Eski İzmir evlerinin mutfaklarında kullanılan tencere, tava, tabak, bardak, bıçak, kaşık, çatal, bardak, maltız, ispirto ve gazocakları, benzeri araç ve gereçler ilgimi çeker. Eski eşya satıcıları ve antikacılarda bu tür malzemelerle sıklıkla karşılaşıyorum. Çok kültürlü İzmir’de kültürler kendi mutfaklarında geleneksel lezzetlerini ürettiler.
Anadolu, diğer yörelerden göçlerle gelen insanlarımızın İzmir mutfağına katkıları yadsınamaz.
Yunanistan’da yaşayan İzmirli arkadaşım filolog, yemek uzmanı Girit Lezzetleri Atölyesi’nde çalışmalarını sürdüren Delfino Mana’ya, Rumların İzmir yemek kültürüne yaptığı katkıları sordum.
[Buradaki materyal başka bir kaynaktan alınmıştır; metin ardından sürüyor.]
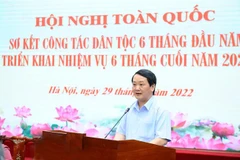 Bộ trưởng, Chủ nhiệm Ủy ban Dân tộc Hầu A Lềnh phát biểu khai mạc hội nghị. (Ảnh: Minh Đức/TTXVN)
Liste uzun bana Yunanlıların İzmir köfte olarak tanıdığı ve pek beğendiği Sucukakia, İzmir gevreği ve içecek tarifleri verdi. Sucukakia, kıyma, ekmek, daha fazla yumurta, maydanoz, bol kimyon, karabiber, sarımsak ,soğanla yoğrulup bir gün bekletiliyor, ince uzun olarak şekillendirilip una bulanıp tavada kızartılıyor. Fırında yapılacaksa una gerek yok. Sonra sarımsaklı salça sosunda tekrar pişiriliyor. Salçaya bir kaşık un karıştırıp kıvamlandıranlar farklı lezzet elde ediyorlar.
***
Şıralı kurabiye (Mustokuluro) Yunanistan’da İzmir gevreği olarak satılıyor. Bir bardak portakal suyu (paket değil) bir bardak şıra, zamanı değilse pekmez, alabildiğince un, bir tatlı kaşığı soda. Tatlı olarak (Galaktobureko) laz böreğinin yakın akrabası, şerbetli, içi krema dolgulu çok ağır ama senede bir kez herkesin tattığı bir lezzet.
Tarçın şerbeti (Kanelada) bir buçuk litre su, bir kg şeker, 3-4 karanfil, bir kaç yaprak ıtır, iki avuç dolusu tarçın yeterli.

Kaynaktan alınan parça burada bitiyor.